The tbl object that should be filtered.

version_string

A vector of version strings to indicate the desired version(s).

db_table_name

The name of the table to be filtered.

collect

A boolean that tells whether to collect tbl from conn before returning. Default is FALSE.

conn

An optional database connection. Necessary only for the default values of schema and fk_parent_tables. Default is NULL.

schema

The database schema (a dm object). Default calls schema_from_conn(), but you can supply a pre-computed schema for speed. Needed only when decode_fks = TRUE (the default). If foreign keys are not being decoded, setting NULL may improve speed.

fk_parent_tables

Foreign key parent tables to assist decoding foreign keys. Default calls get_all_fk_tables().

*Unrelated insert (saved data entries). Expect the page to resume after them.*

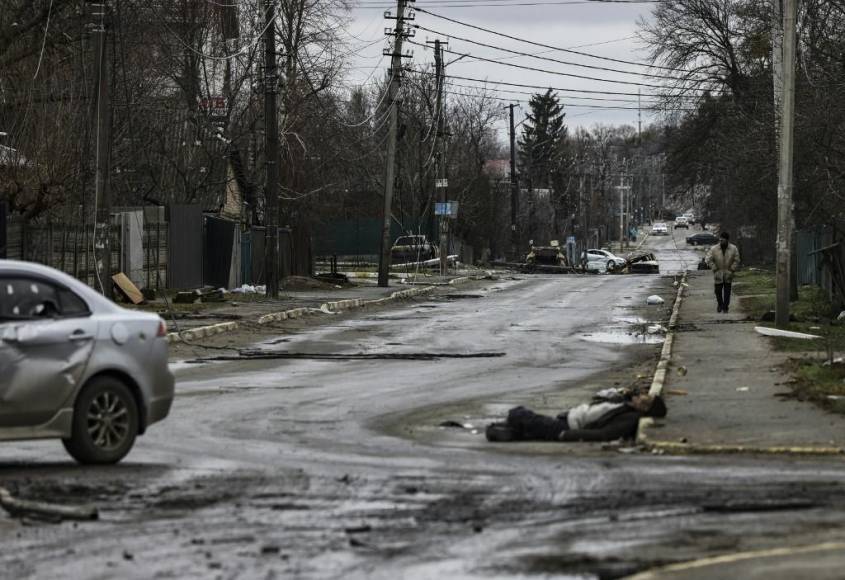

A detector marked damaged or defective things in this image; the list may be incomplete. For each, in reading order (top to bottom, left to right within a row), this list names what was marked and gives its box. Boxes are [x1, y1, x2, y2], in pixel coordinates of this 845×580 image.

burned out vehicle [390, 234, 436, 264] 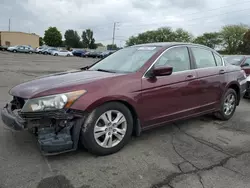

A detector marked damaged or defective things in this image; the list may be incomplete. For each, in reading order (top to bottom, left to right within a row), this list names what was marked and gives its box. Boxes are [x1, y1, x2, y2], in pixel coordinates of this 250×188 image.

damaged front bumper [0, 103, 86, 156] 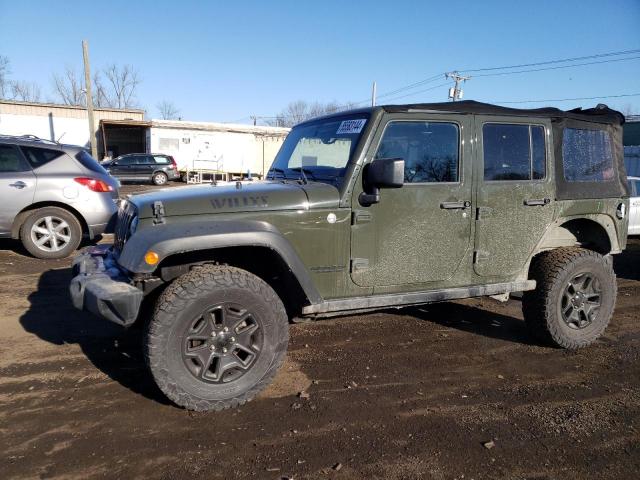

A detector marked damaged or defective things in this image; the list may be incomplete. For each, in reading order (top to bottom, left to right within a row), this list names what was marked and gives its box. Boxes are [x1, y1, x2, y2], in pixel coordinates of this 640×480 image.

damaged front bumper [71, 246, 144, 328] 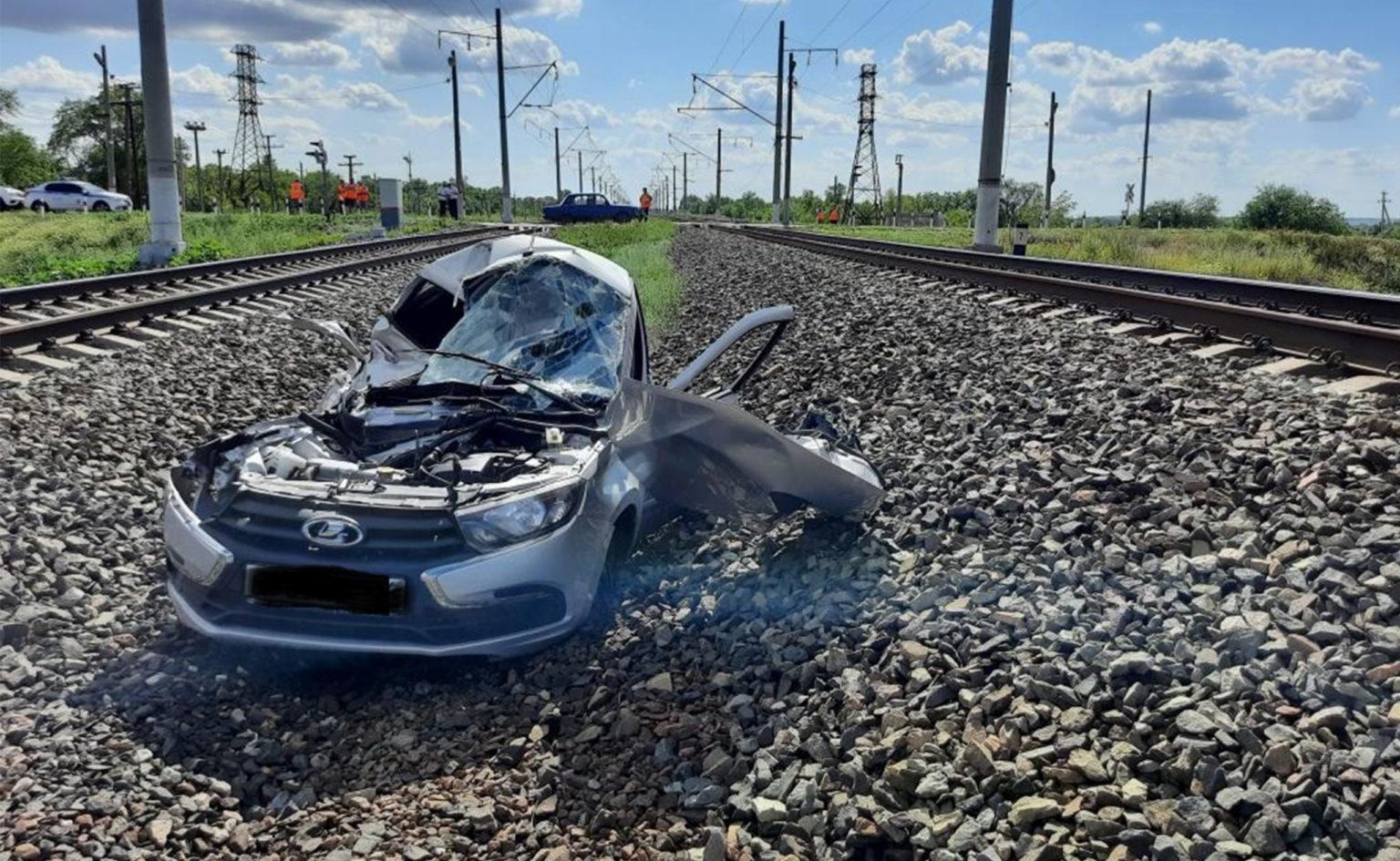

valid_from_version_colname

The name of the ValidFromVersion column. Default is PFUPipelineTools::dataset_info$valid_from_version_colname.

valid_to_version_colname

The name of the ValidToVersion column. Default is PFUPipelineTools::dataset_info$valid_to_version_colname.

Value

A filtered version of tbl.

Details

The desired version is supplied in the version_string argument, which can be a vector of any length.

If both tbl and db_table_name are provided, db_table_name is ignored.